Problem to solve – Would you work out how many lines below include the word "Photo"? Only that number is wanted.
*** Provided records Section Begins ***
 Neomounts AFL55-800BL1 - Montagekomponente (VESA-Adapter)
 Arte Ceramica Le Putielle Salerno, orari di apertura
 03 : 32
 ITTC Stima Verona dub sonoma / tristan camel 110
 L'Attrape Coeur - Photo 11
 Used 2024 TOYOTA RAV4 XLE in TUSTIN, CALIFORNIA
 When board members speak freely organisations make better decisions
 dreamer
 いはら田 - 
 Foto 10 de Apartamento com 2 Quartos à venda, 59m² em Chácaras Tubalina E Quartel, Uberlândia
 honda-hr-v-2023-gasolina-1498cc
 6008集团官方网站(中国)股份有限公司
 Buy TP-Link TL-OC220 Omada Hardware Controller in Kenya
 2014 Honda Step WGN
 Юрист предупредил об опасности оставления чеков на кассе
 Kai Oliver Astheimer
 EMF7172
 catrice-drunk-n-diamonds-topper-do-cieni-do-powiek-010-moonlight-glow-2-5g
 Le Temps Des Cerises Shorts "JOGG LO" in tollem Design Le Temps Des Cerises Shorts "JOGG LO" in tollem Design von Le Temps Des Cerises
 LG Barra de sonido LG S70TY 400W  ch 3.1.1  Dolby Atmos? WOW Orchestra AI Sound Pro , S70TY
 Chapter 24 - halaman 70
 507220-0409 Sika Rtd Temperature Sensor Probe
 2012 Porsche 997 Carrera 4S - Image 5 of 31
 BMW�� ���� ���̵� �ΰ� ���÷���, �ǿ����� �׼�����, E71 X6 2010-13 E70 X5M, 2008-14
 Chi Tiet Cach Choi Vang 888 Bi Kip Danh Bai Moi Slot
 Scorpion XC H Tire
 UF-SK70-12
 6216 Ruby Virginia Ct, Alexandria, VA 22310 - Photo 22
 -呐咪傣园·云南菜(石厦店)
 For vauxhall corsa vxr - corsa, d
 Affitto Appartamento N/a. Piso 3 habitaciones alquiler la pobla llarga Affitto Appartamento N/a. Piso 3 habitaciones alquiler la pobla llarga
*** Provided records Section Ends ***
Task response – 2